The Supreme Court may be on the cusp of
another dramatic weakening of civil rights laws:
The question before the court is whether the Fair Housing Act of 1968, intended to fight pervasive residential segregation, bans practices that unintentionally discriminate against minorities. For decades, the law has been used not only to fight intentional discrimination but any other practices that have a "disparate impact" on racial and other minority groups. [...]
But now, the case Texas Department of Housing and Community Affairs v. The Inclusive Communities Project, Inc., represents the third time in as many years that the Supreme Court has agreed to take up the issue of how broadly, or not, the Fair Housing Act rules can be applied. Less than four years ago, the court agreed to hear a case out of Minnesota on disparate-impact claims; the following year it agreed to take up a New Jersey case on the same issue. Both cases were resolved before oral arguments, in part because civil rights advocates were afraid of what the Supreme Court under Chief Justice John Roberts might decide.
"There’s no disagreement among the lower courts, it’s always been the law since the late '60s that you could have disparate impact," says Deepak Gupta, a Washington lawyer who filed an amicus brief on behalf of current and former members of Congress urging the court to uphold the broad interpretation of the housing law. The court's taking up the issue repeatedly, Gupta says, signals that "at least some of the justices are very interested in changing the law in this area."

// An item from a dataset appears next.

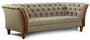 Casa Padrino Luxus Chesterfield 4er Sofa Grau / Braun 260 x 87 x H. 77 cm - Wohnzimmer Sofa mit Echtleder - Chesterfield Wohnzimmer M�bel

One of those justices appears to be Chief Justice John Roberts himself, whose questioning in oral arguments today demonstrated skepticism toward the last forty years of established law. Hope for retaining the notion that housing discrimination can still be discrimination even if it is not explicit and intentional may lie, ironically, with Antonin Scalia. His theoretical devotion to deferring to agency interpretations of laws when possible may come into play; oral arguments today gave no clear signs that he had
made up his mind.
Scalia told [Texas Solicitor General Scott Keller] that looking at the "grand goals" of Congress in 1968 to eliminate segregated housing, it seemed possible that lawmakers thought disparate impact cases were acceptable. But later, Scalia told Michael Daniel, lawyer for the Texas housing group, that "racial disparity is not racial discrimination."
"The fact that the NFL is largely black players is not discrimination," Scalia said.
So we'll see. Gutting the legal notion of discrimination via "disparate impact" would have broad civil rights implications, if the court went that far. Given that Roberts himself appears to be openly contemplating such a change, there's reason to be nervous.